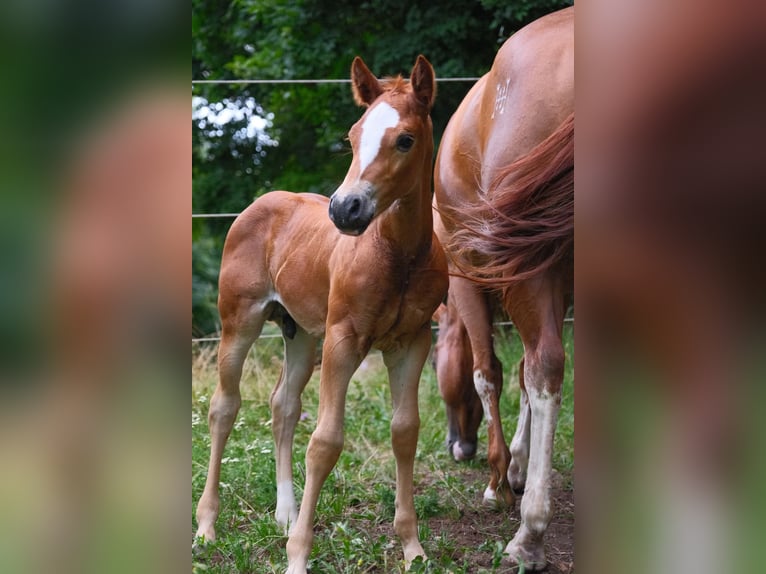 American Quarter Horse Hengst  152 cm Fuchs in Ternitz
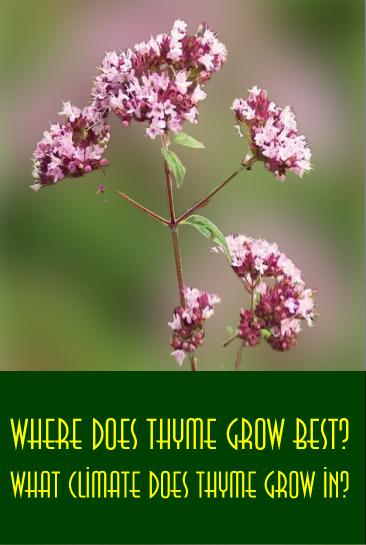 Where does thyme grow best? What climate does thyme grow in? 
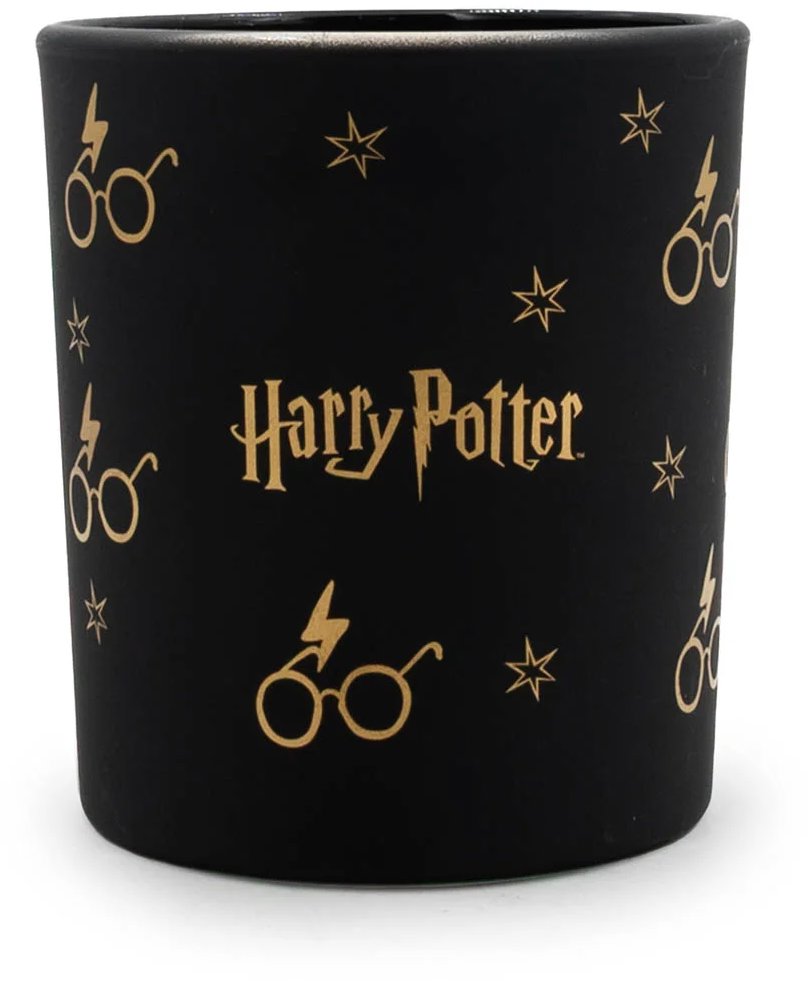 Harry Potter Glasses Black 135 g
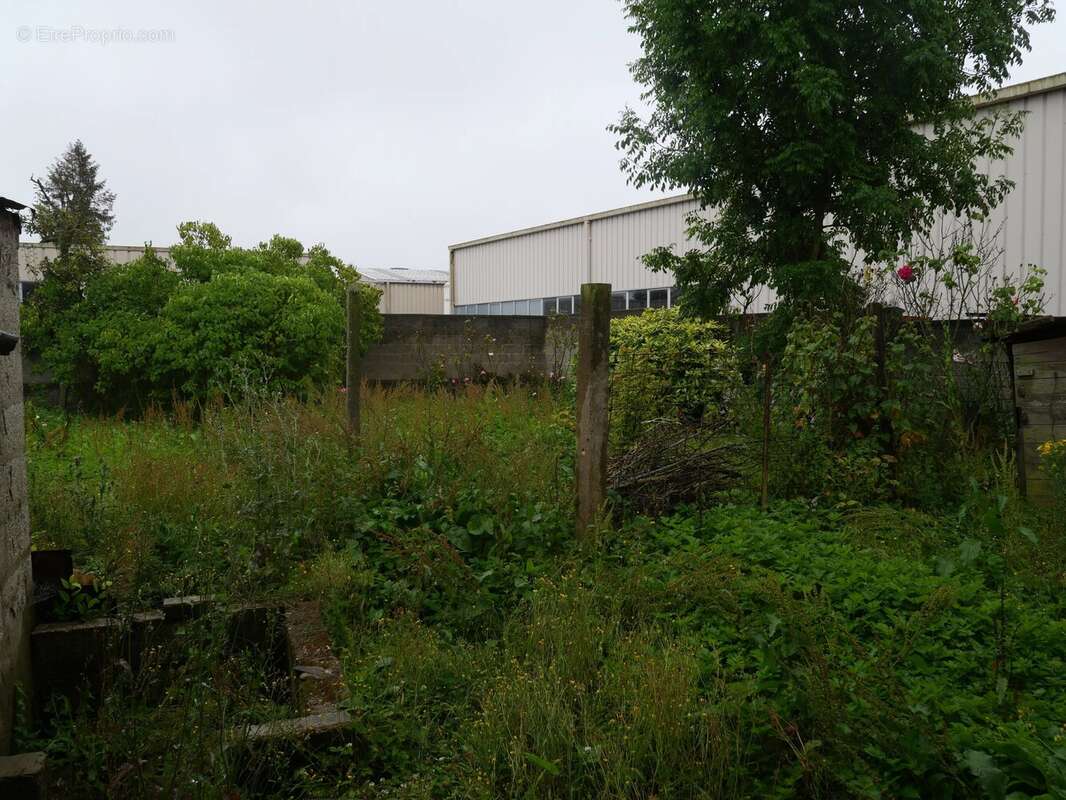 Maison de 4 chambres à Fressenneville, 99,5 m² - photo 9
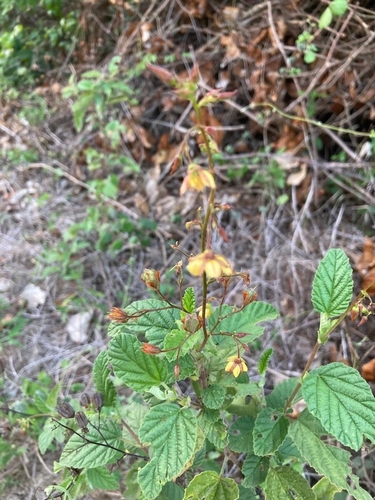 Hermannia exappendiculata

□ □ □ □ □

WORK INSTRUCTIONS:
Everything in the records must be transcribed exactly, except the pictures, which are left out.

OUTPUT:
 American Quarter Horse Hengst  152 cm Fuchs in Ternitz
 Where does thyme grow best? What climate does thyme grow in? 
 Harry Potter Glasses Black 135 g
 Maison de 4 chambres à Fressenneville, 99,5 m² - photo 9
 Hermannia exappendiculata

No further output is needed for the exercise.